Thank you for taking the time to read this!


----------



## ikreos (Mar 12, 2011)

Oops forgot to mention I'm using 8.2.


----------



## wblock@ (Mar 12, 2011)

If urtw(4) will work with that card, it's probably better than NDIS.

The "NIC" in your rc.conf isn't doing anything.

Don't know why there's no default route in the netstat output when you set one in rc.conf.  Can set it manually with `# route add default 192.168.2.1`

DHCP is convenient.  If you want a fixed IP, set the DHCP server in the access point to hand that out based on MAC address.

All you should need in wpa_supplicant.conf is your ssid and psk.  "scan_ssid=1" made me rant about "hidden" ssids in another thread here recently.


----------



## ikreos (Mar 12, 2011)

wblock said:
			
		

> If urtw(4) will work with that card, it's probably better than NDIS.



As far as I have read my chipset RTL8185 is not supported. It was also not autodetected.



			
				wblock said:
			
		

> The "NIC" in your rc.conf isn't doing anything.



I assumed as much after I tried it. I just never removed it.



			
				wblock said:
			
		

> Don't know why there's no default route in the netstat output when you set one in rc.conf.  Can set it manually with `# route add default 192.168.2.1`



I did add it manually with route, but it told me it was already there.



			
				wblock said:
			
		

> DHCP is convenient.  If you want a fixed IP, set the DHCP server in the access point to hand that out based on MAC address.



Never thought of doing that, but the modem is configured for DHCP. The wireless router is only there to give access to the modem for wireless clients.



			
				wblock said:
			
		

> All you should need in wpa_supplicant.conf is your ssid and psk.  "scan_ssid=1" made me rant about "hidden" ssids in another thread here recently.

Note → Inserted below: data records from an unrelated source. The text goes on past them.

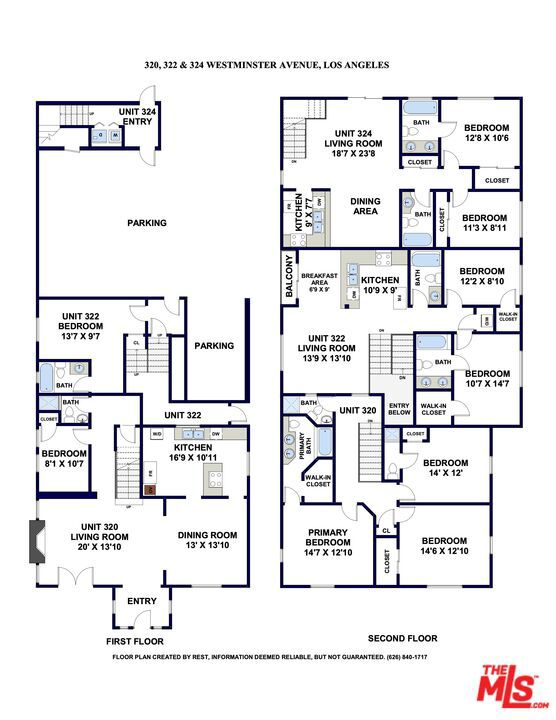 320 Westminster Avenue, Los Angeles CA: https://media.crmls.org/mediaz/ee9690c8-977d-4170-8058-0619174b4489.jpg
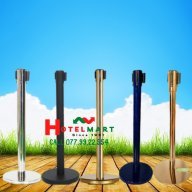 Hotelmart01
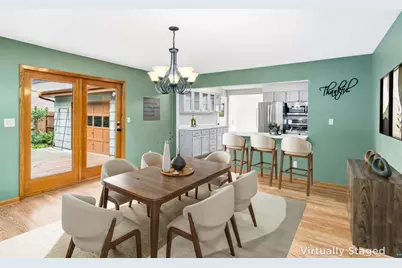 703 Ebony Avenue, Duluth, MN 55811 - Photo 6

That was left over from the network manager I just never removed it (will be though).


----------



## ikreos (Mar 12, 2011)

Since I can't edit posts. I found out my neither my modem or router have the 'static DHCP' ability. However I can flash DD-WRT onto it. So I will be looking into that. I haven't had the chance to tinker with my BSD install yet. I will try the urtw driver. I'm going to try clearing my routes and redoing them.


----------



## ikreos (Mar 12, 2011)

Update. I'm connected to the internet on my BSD install now. I had to manually add the default route. Which is weird because last time I tried it told me it was already there. Anyway the urtw driver only supports usb devices, I'm using a PCI card. Probably should have stated that. Ah well my problem should be solved now. Now I just have to look into DD-WRT for my router. How do I set this thread as solved?


----------



## wblock@ (Mar 12, 2011)

After you have ten posts, you can edit, including setting the title to "solved".

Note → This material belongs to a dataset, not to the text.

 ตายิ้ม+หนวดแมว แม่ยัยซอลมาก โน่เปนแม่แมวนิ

DD-WRT is very good.  The layout is always confusing to me, but that might just be because it doesn't need to be changed very often.  It can do static DHCP leases, I just checked.


----------



## ikreos (Mar 12, 2011)

Yes that is the reason I didn't know about 'static DHCP', my router doesn't have it (I'm not an expert in networking I just know enough to get by). But Now that I know I'm going to use it once I attempt to flash DD-WRT. Hopefully Murphy keeps his law out of my attempt.


----------



## ikreos (Apr 11, 2011)

Final update. DD-WRT successfully flashed to my router (very nice piece of software). Went ahead and bought an Atheros based wifi card just to save myself the trouble. I would prefer to use a wired connection but currently my connectivity is no where near my computer. Oh and I scrapped PC-BSD in favor of FreeBSD with a light window manager. Much better than KDE4 bloat.


----------